Countrywide Reports $893 Million Loss From Bad Loans
By David Mildenberg and Ari Levy
The net loss was $893 million, or $1.60 a share, compared with a profit of $434 million, or 72 cents, in the year-earlier period, the Calabasas, California-based company said in a statement today.
Countrywide's latest loss may feed investor concern that Bank of America will reduce or cancel its January offer to acquire the nation's biggest mortgage lender for about $4 billion in stock. U.S. foreclosure filings more than doubled in the first quarter as payments rose for subprime adjustable mortgages, according to data vendor RealtyTrac Inc.
“The problem with Countrywide is that it comes with this portfolio that was not underwritten correctly and is very sloppy,'' said Paul Miller, an analyst at Friedman Billings Ramsey & Co., in an interview with Bloomberg Television. Miller expects Bank of America to end up buying Countrywide at a lower price than originally negotiated.
Countrywide declined 23 cents, or 3.9 percent, to $5.60 in early trading at 8:46 a.m. in New York. The lender has declined about 85 percent in the past 12 months.
Bank of America, the nation's second-biggest bank by assets behind Citigroup Inc., said April 21 that the sale remains on course for completion in the third quarter.
Bank of America, based in Charlotte, North Carolina, dropped 12 cents yesterday to $38.18.
The Countrywide brand and its adjustable-rate loans with higher default rates will be discarded after the acquisition, while the lender's president, David Sambol, will run the combined mortgage operations.
The combination would make Bank of America the biggest U.S. mortgage lender, handling about one out of every four home loans. The bank ranked fifth in 2007, according to trade publication Inside Mortgage Finance.
The mortgage company posted a $703.5 million loss for all of last year, the first in 30 years, because of higher loan losses and writedowns of securities backed by home loans.
Provisions for credit losses were $1.5 billion in the first quarter, compared with $925 million in the preceding quarter and $158 million in the year-earlier period. Results included $441 million of impairment charges tied mostly to home-equity securitizations.
Countrywide wrote down $390 million of assets amid “disruption in the capital markets and declining liquidity'' for mortgages that aren't eligible for sale to Fannie Mae and Freddie Mac, the two largest U.S. providers of financing for home loans, the company said.
Foreclosures doubled to 1.64 percent of unpaid principal in February from 0.8 percent a year earlier at the servicing unit, Countrywide said on March 13. Home loan payments more than 60 days late declined to 7.44 percent of unpaid principal in February from 7.47 percent in the previous month, the company said in the same report. It has since stopped issuing monthly updates on overdue loans.

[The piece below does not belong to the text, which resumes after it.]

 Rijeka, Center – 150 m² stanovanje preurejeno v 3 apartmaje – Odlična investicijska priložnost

About 43 percent of Countrywide's $87 billion loan portfolio is in California, followed by 7 percent in Florida, the company said in a Feb. 29 regulatory filing. California had the nation's sharpest price decline in the fourth quarter, 6.6 percent, the Office of Federal Housing Enterprise Oversight said Feb. 26. Nevada dropped 5.9 percent and Florida slid 4.7 percent.
Net revenue more than doubled at Countrywide during the U.S. housing boom of 2002 through 2006 as the company loosened underwriting standards to compete for borrowers. That led to rising defaults, Sambol said in October.
New York Lawsuit
Countrywide faces a lawsuit by the New York city and state comptrollers and their pension funds, alleging Countrywide and securities and accounting firms defrauded investors with overly optimistic comments.

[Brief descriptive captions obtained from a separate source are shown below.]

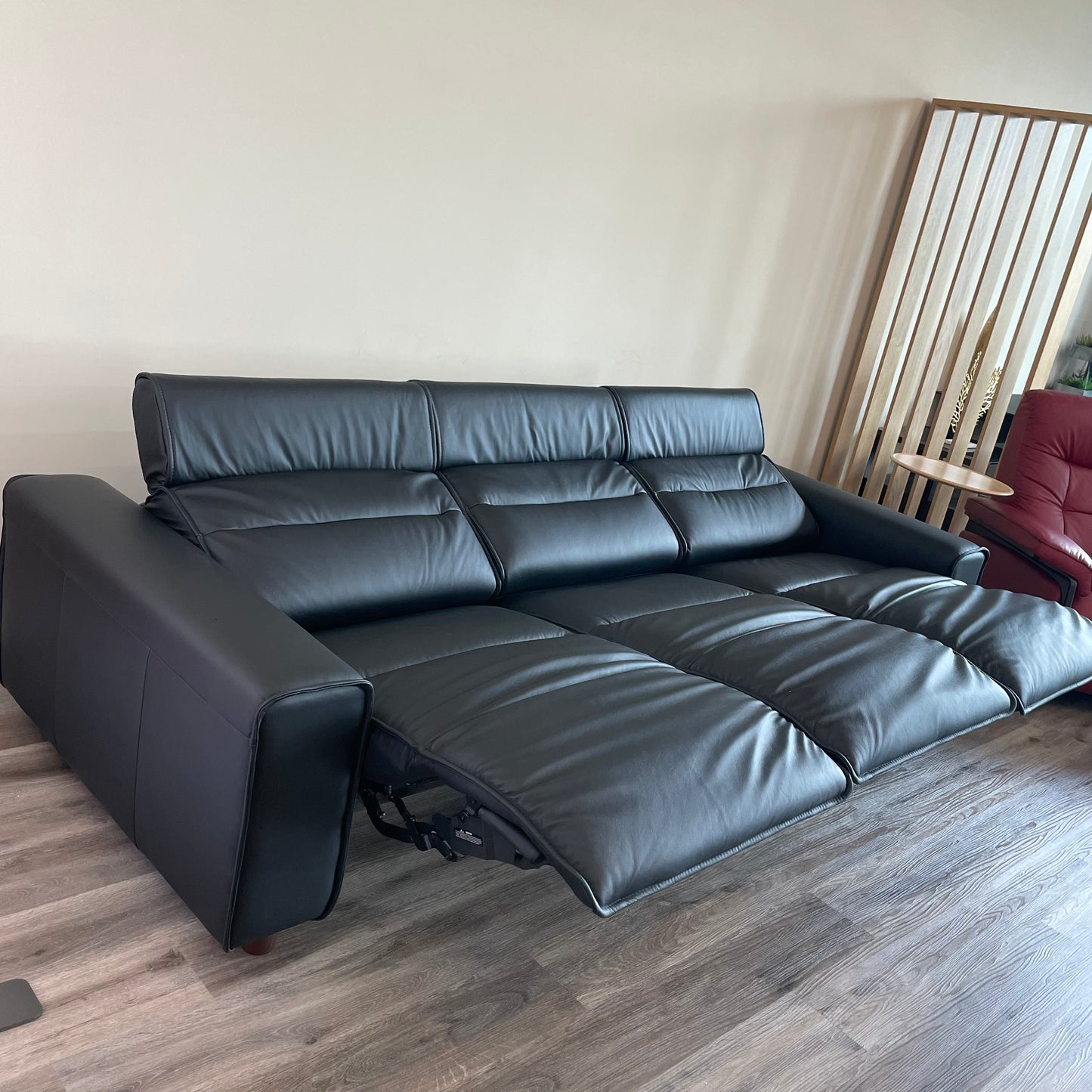 Stressless Emily - Wide Arms {3 Seat Power Sofa}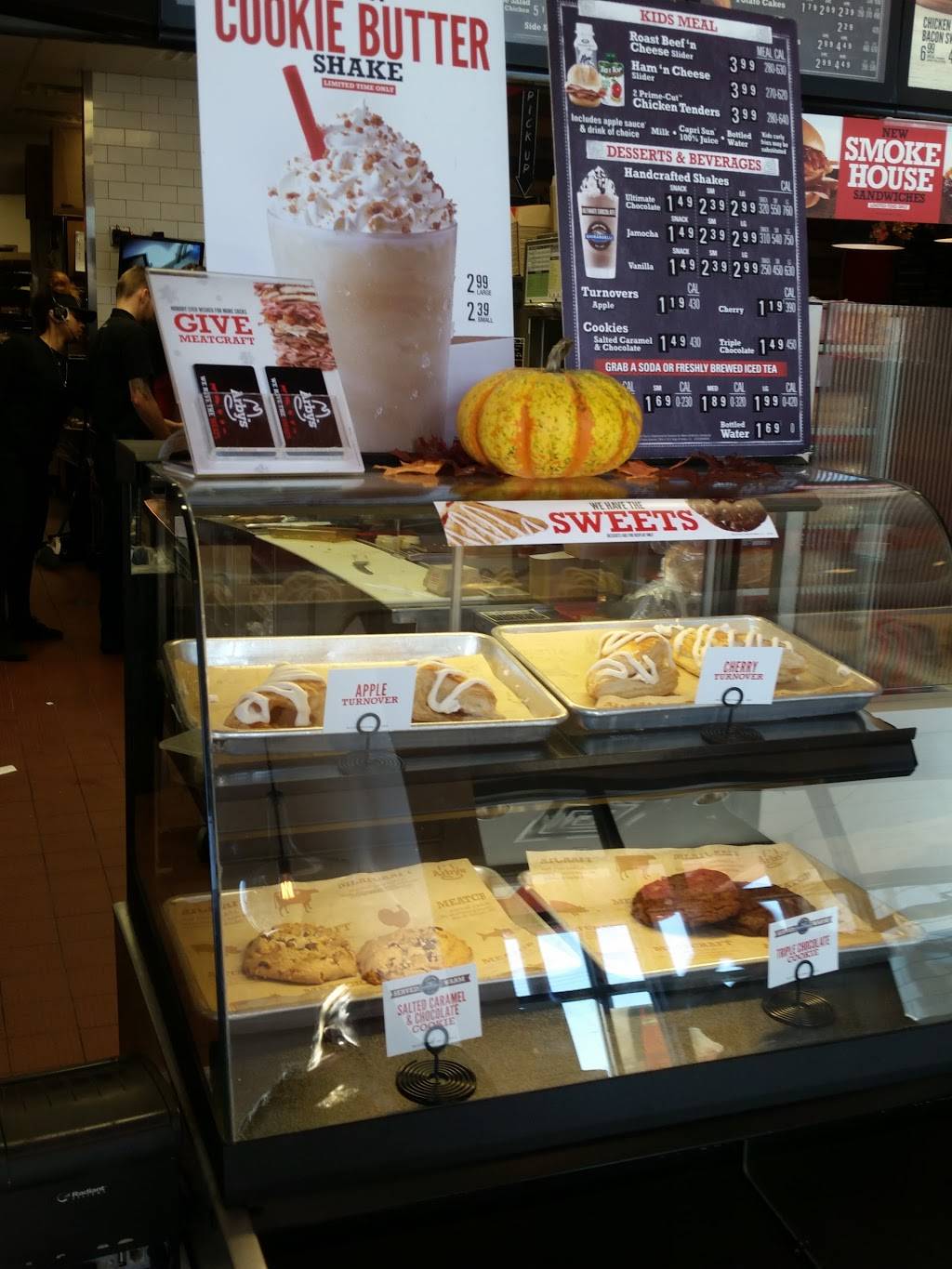 Arbys | restaurant | 301 White House Crossing Way Suite A, White House, TN 37188, USA | 6156725253 OR +1 615-672-5253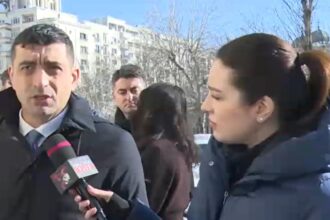 zeci de romani au depus plangeri penale la parchetul general impotriva anularii alegerilor din 2024 george simion alaturi de oameni 6996cc748c3f4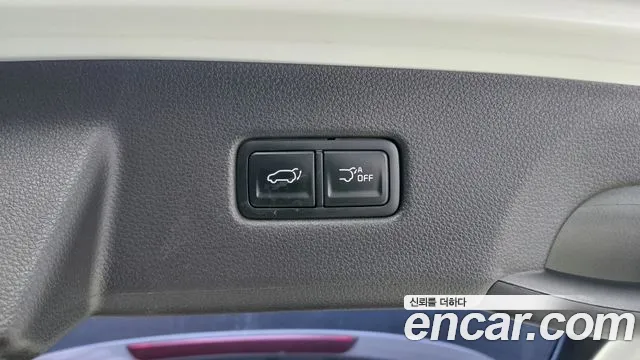 Kia Carnival Generation 4 — Фото автомобиля 22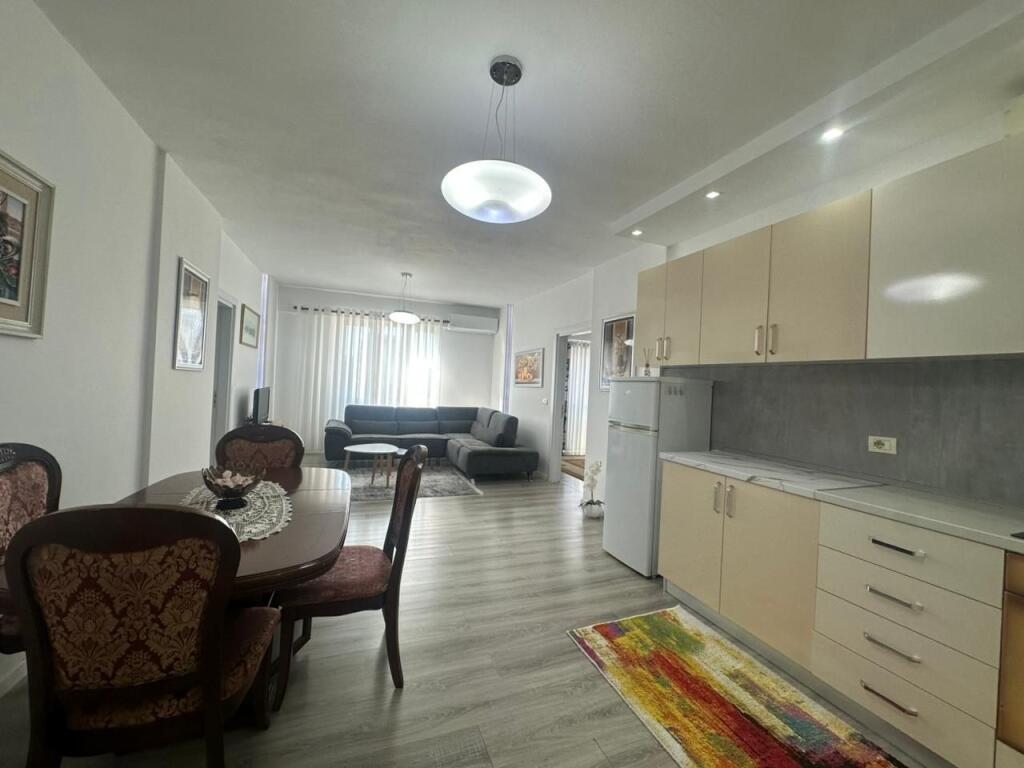 Apartment 2+1, Dritan Hoxha!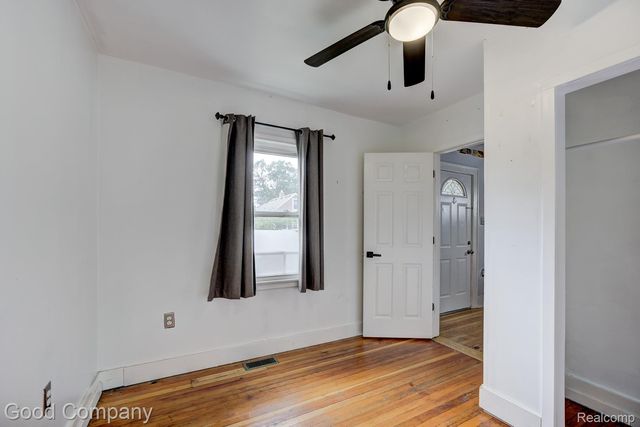 573 E Oakridge Street, Ferndale, MI 48220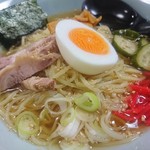 食楽苑 - 冷麺スープのラーメンです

Countrywide Chief Executive Officer Angelo Mozilo, 69, has said he's facing an informal U.S. inquiry into his stock sales. Mozilo has sold about $450 million of Countrywide shares during the past four years, according to the New York comptrollers' lawsuit. He reported stock option gains of $121.5 million last year, while giving up $36 million in severance pay and consulting fees due to the Bank of America sale, according to an April 24 regulatory filing.
Mozilo said he's cooperating with the U.S. Securities and Exchange Commission and that he's confident the investigation won't find anything improper.